COVID-19 Tracing Apps – New Evaluation Tool

This post is also available in: עברית (Hebrew)

As the COVID-19 pandemic started, private industries and tech sectors around the world developed smartphone-based solutions to automate the manual contact tracing process. While smartphone-based contact tracing tools can help track the interactions of people who were exposed to the novel coronavirus, if they aren’t secure, their usage could result in the exposure of individuals’ sensitive, personal health information.

Now, the US Homeland Security Department (DHS) wants to ensure that privacy and civil liberties are protected when using them, gauging the security and privacy risks posed by digital COVID-19 contact tracing apps. 

The Department has selected six startups to create and refine such technology. The companies will receive an initial award for a pandemic-specific solicitation launched last year through DHS’ Silicon Valley Innovation Program. The first one, AppCensus, was granted $198,600 to steer the solution’s development. 

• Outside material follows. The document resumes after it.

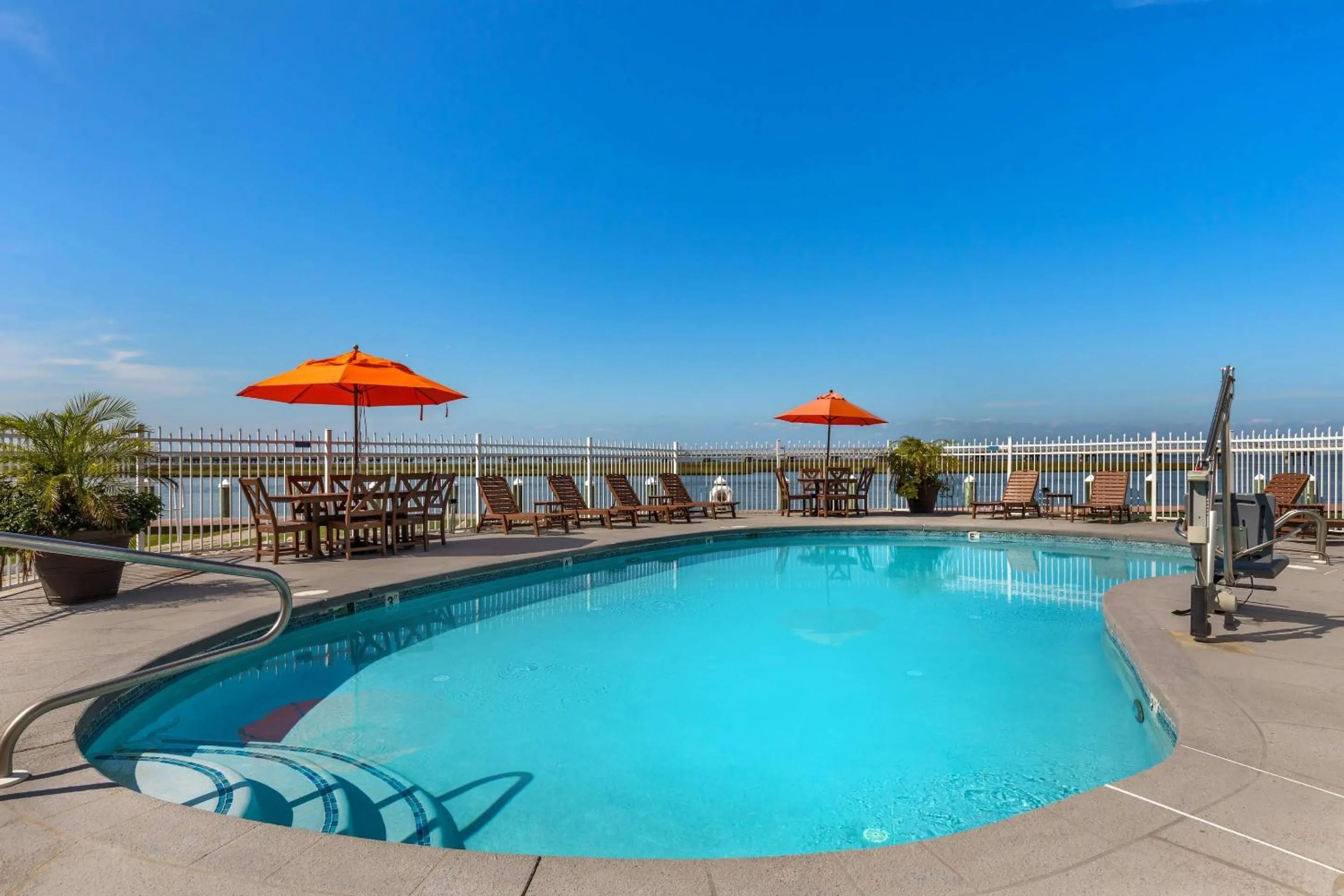 Swimming pool in Comfort Suites Chincoteague Island Bayfront Resort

The startup already runs a platform for the testing of mobile applications’ security and privacy at-scale. Through this work, that tool will be adapted to “develop an on-demand, automated mobile-app testing system” to enable such assessments of “publicly available android and iOS digital contract tracing apps,” according to the agency’s announcement.

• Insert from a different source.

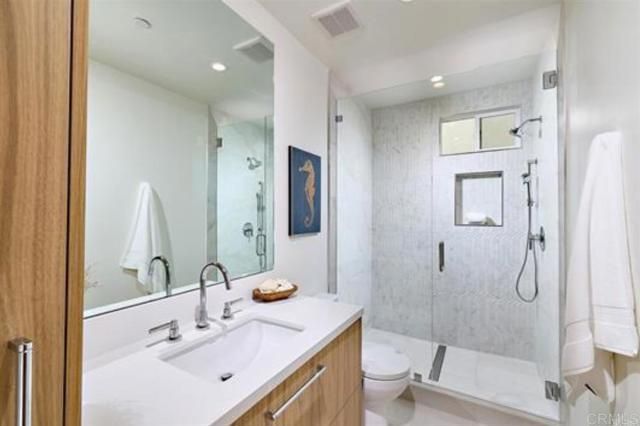 3901 Haines, San Diego, CA 92109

AppCensus is set to share a public microsite detailing the results of app analyses it conducts. Those will include sensitivity categorizations for data the apps collect, disclosures from the developers about how the information is used, data collection practices of embedded/connected third-parties detected within the apps, and other relevant information.

“It is important to safeguard privacy, security, equity and liberty with digital contact tracing and exposure notification applications,” Anil John, DHS’ SVIP technical director said in a statement. “Once adapted and enhanced, the AppCensus platform will provide reports based on consistent tests using openly developed criteria of publicly available digital contract tracing applications to make it easy for people to understand potential privacy and security risks.”